WORKING DATA:
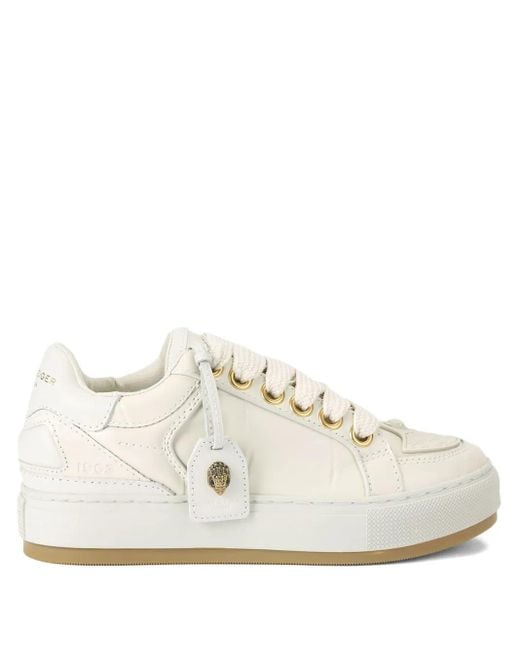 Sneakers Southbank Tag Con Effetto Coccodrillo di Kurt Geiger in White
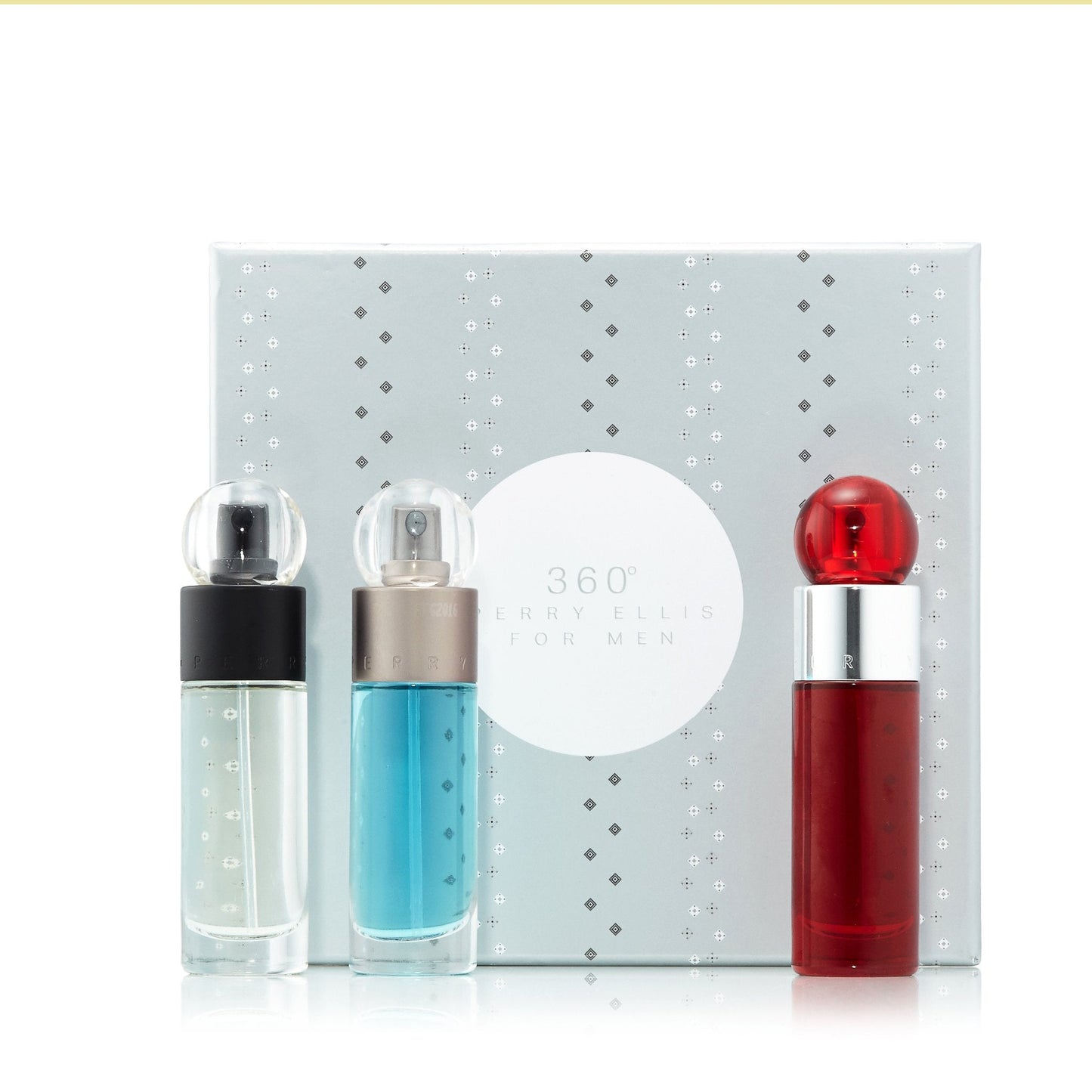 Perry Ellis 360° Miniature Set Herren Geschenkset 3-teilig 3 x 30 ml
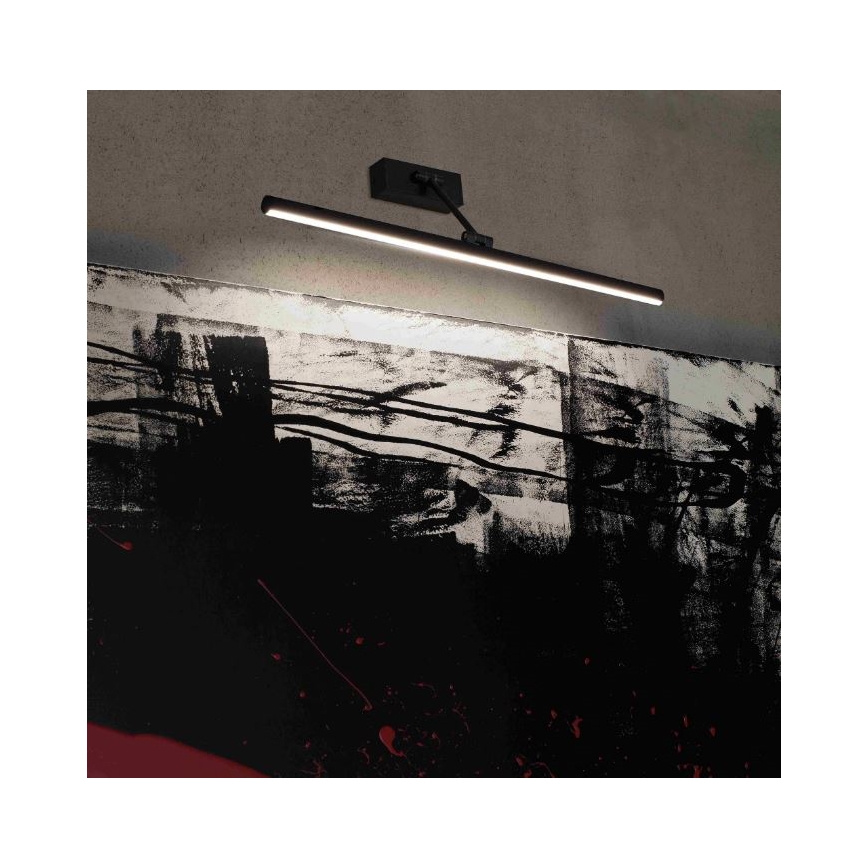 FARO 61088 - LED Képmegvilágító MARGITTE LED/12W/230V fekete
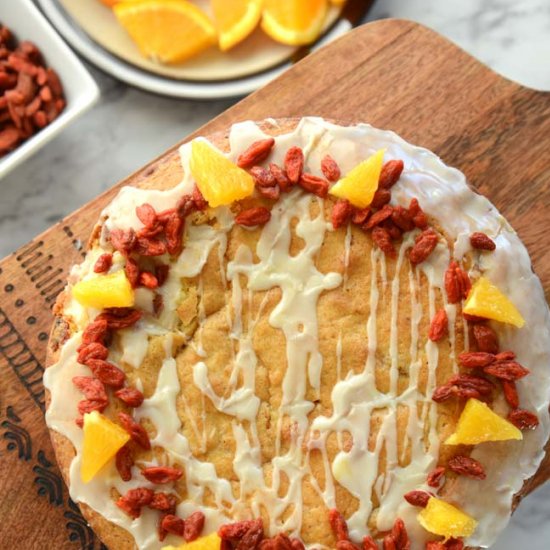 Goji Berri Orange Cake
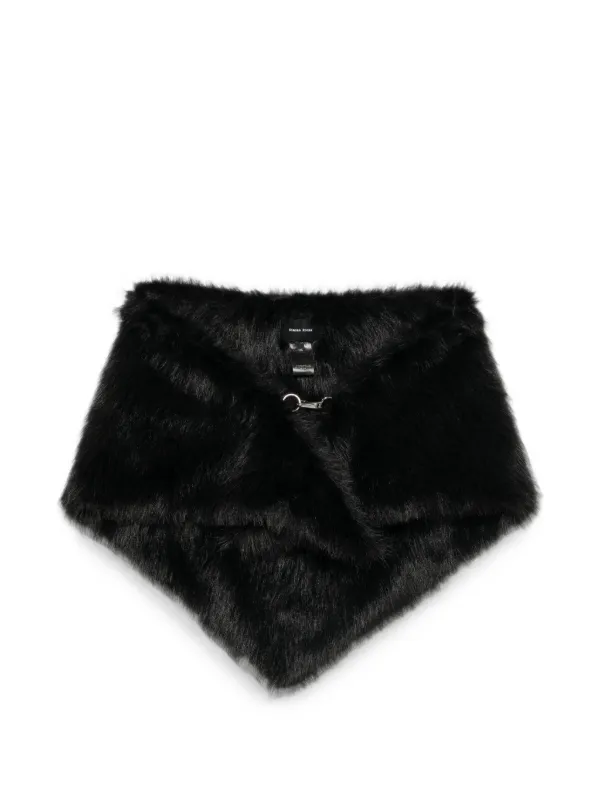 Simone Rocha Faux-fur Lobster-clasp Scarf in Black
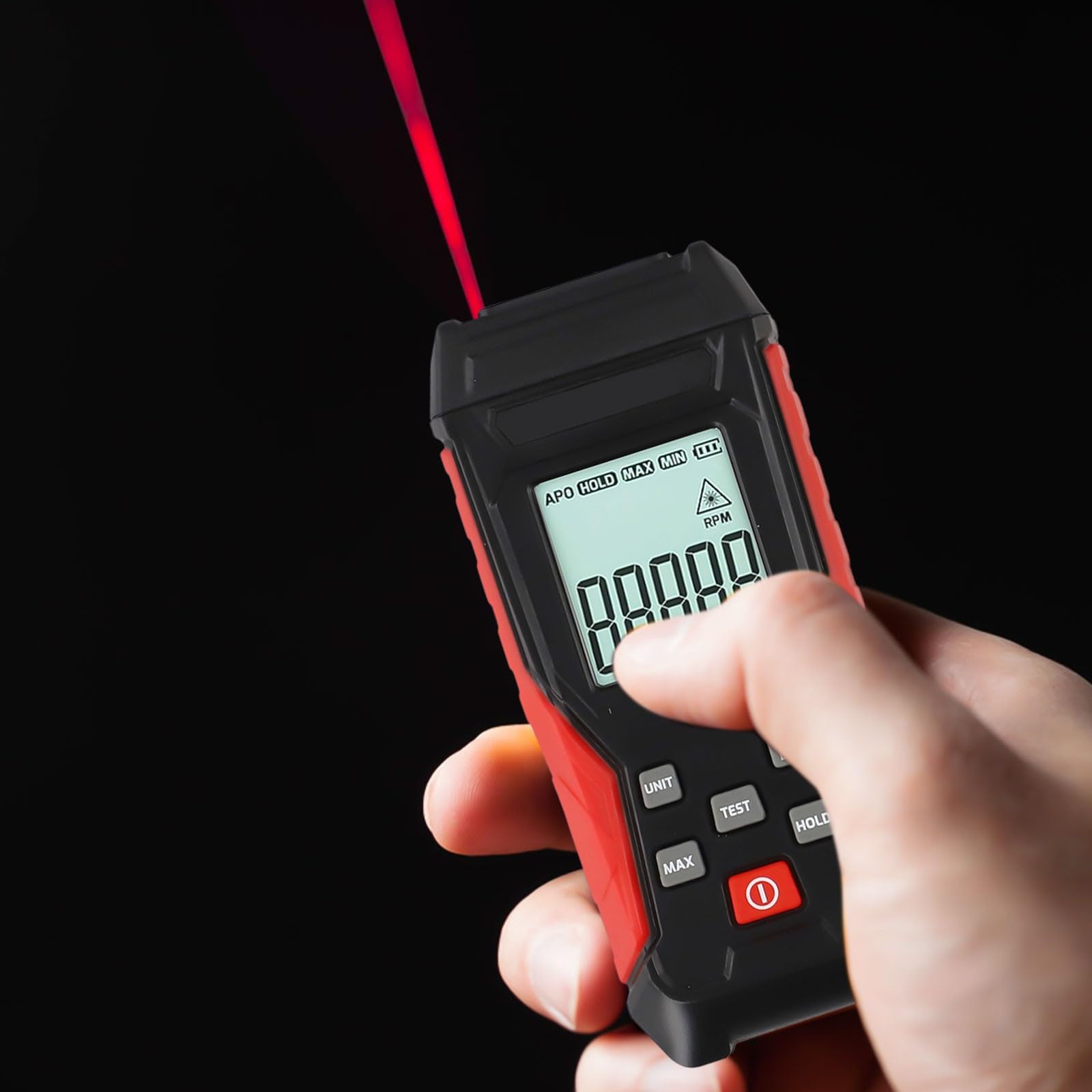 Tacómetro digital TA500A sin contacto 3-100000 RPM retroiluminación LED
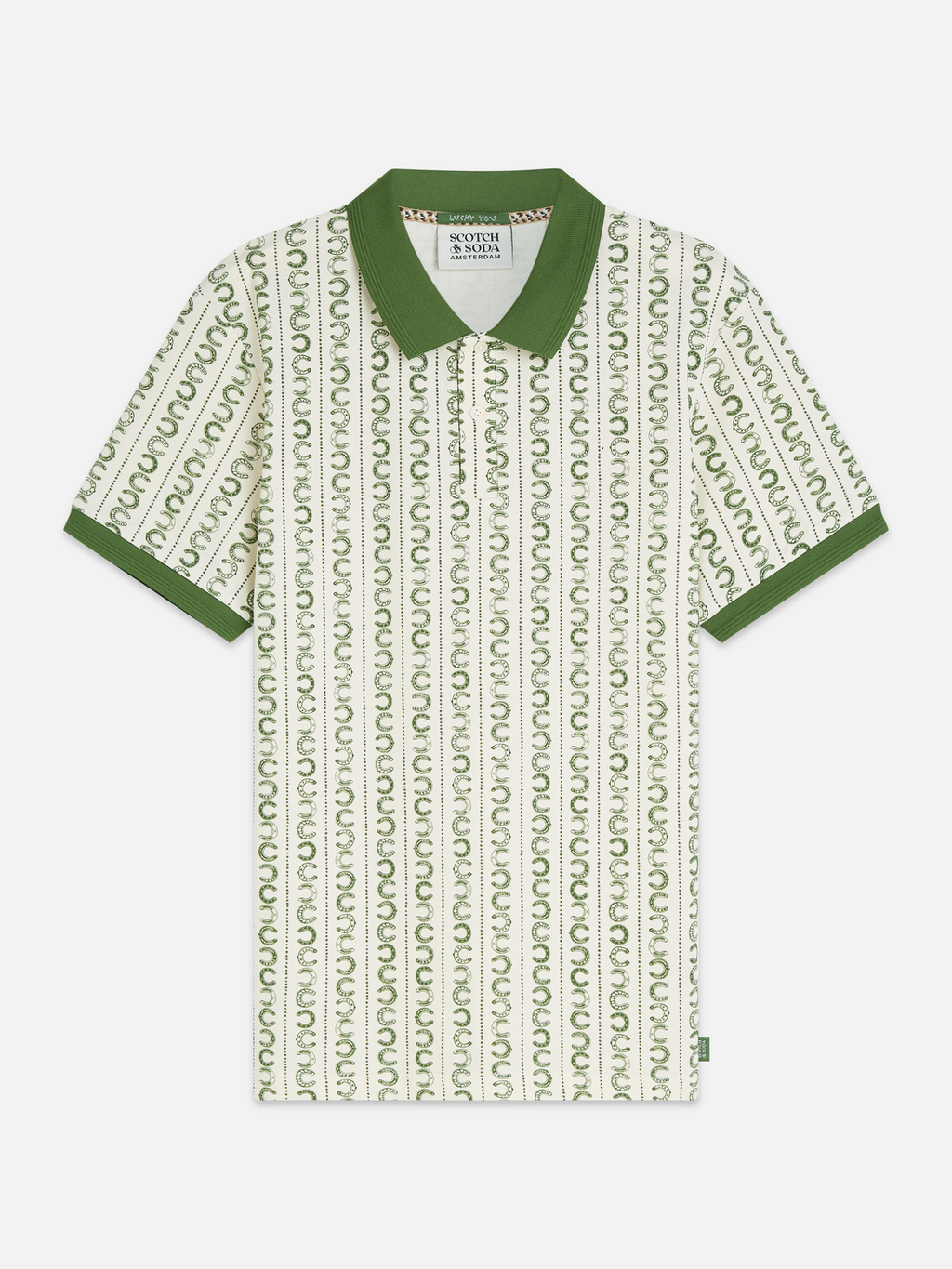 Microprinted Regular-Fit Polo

TASK DIRECTIONS: For this exercise, the lines from the one containing "Tacómetro digital TA500A" through the last line of the entries above are to be output exactly, both included, and pictures are skipped.

ANSWER SPACE:
 Tacómetro digital TA500A sin contacto 3-100000 RPM retroiluminación LED
 Microprinted Regular-Fit Polo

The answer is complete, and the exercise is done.